Iron ore is integral to the steel-making process and one of the most sought after commodities in the world. It is essential for global economic growth and is key to the energy transition, to a lower carbon world.

What Is Iron ore?

Iron ores are rocks and minerals from which metallic iron can be extracted. There are four main types of iron ore deposit: massive hematite, which is the most commonly mined, magnetite, titanomagnetite, and pisolitic ironstone.

Iron ore is the primary raw material used to make steel. Steel is strong, long-lasting and cost-efficient – making it perfect for everything from washing machines to cars, bridges and skyscrapers.

  • Iron makes up close to 5% of the Earth’s crust.
  • It takes around 1.6 tons of iron ore to produce one ton of steel.
  • The world uses 20 times more iron (in the form of steel) than all other metals put together.

According to the World Steel Association, steel is the most commonly used alloy in the world. Global steel consumption is forecast to grow by 1%-2% per annum over the next decade.

The Bessemer process to manufacture steel was developed by British inventor Henry Bessemer in the mid-1850s. In the middle of the twentieth century, the Bessemer process was refined into the Basic Oxygen Process that is still used today in blast furnaces.

Today, new technologies have great potential to improve how we engage with our markets. For example, our China portside customers can order iron ore via a mobile app.

Where is iron ore found?

Iron ore deposits have been located all over the world, with Australia, Brazil, the United States and Canada being the largest producing countries. We have interests in iron ore assets in Australia and Brazil.

How is iron ore used?

98 per cent of all iron ore is converted into pig iron for steel making. It is then used in construction, transportation, energy infrastructure and even household appliances.


Buildings, bridges and other essential infrastructure around the world are built with steel that’s made from iron ore.

Household appliances

You’ll find steel in everyday household appliances like your ovens, washing machines, fridges and dishwashers.

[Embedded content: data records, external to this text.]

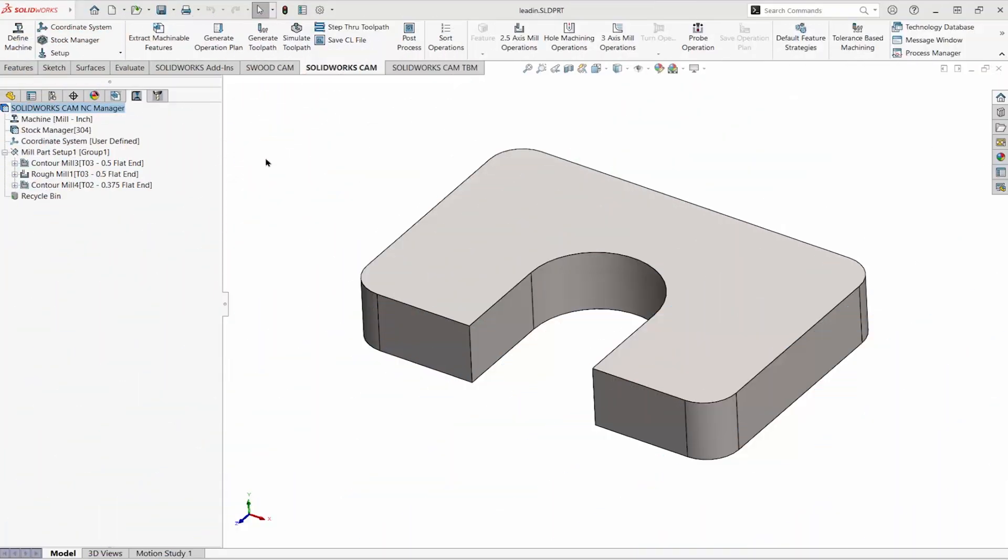Our operations in SolidWorks CAM have a lead-in tab where we can control how and where the tool starts into the cut.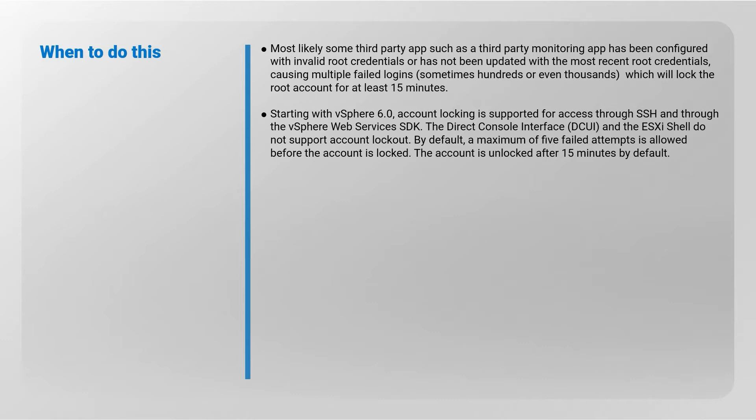The Direct Console Interface, DCUI, and the ESXi shell do not support account lockout. By default, a maximum of five failed attempts is allowed before the account is locked. The account is unlocked after 15 minutes by default.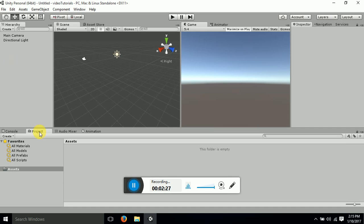This is a project window. Whatever data you will be storing in your game, it will be shown here. If you write scripts you can save it here. If you input assets you can store it here.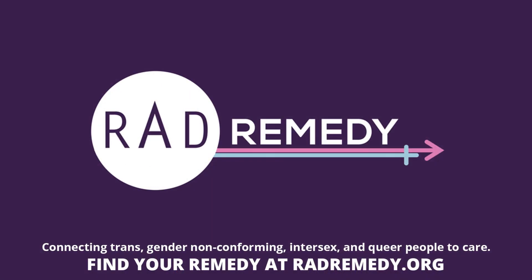If you have any questions, concerns, suggestions, anything, please contact us at info at radremedy.org. Thank you so much for watching and please be well.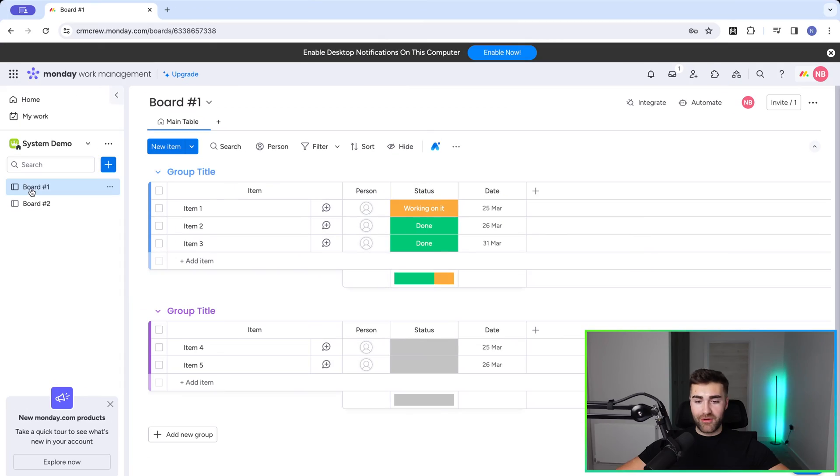Automatically creating items inside of monday.com is going to save you hours upon hours, and in this video I'm going to show you exactly how to do that. Let's head straight over to monday.com.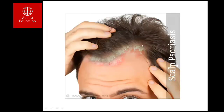This image shows a gentleman with scalp psoriasis. You can clearly see erythematous lesions with multiple scaling on the scalp.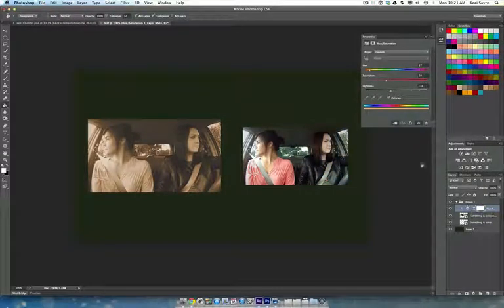So I hope this helps you on how to create sepia tone in Photoshop. So let's change it up.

Every mode of transportation relies on the steel that’s produced from iron ore. That includes planes, trains, ships, trucks and cars.

Energy infrastructure

From wind turbines to electricity poles, steel plays an essential role in providing the energy infrastructure that powers our world.

What is the future for iron ore?

As the world continues to require steel for key construction and infrastructure projects, we expect demand for iron ore to continue into the future. Our challenge is to continue producing this vital commodity in a way that supports decarbonisation efforts, and reduces the greenhouse gas emissions footprint of our productions. The ramp up of the US$3.6 billion South Flank iron ore mine in Western Australia is ahead of schedule and we have revised our medium-term production guidance to more than 300 Mtpa. We are assessing expansion alternatives to take us toward 330 Mtpa of production.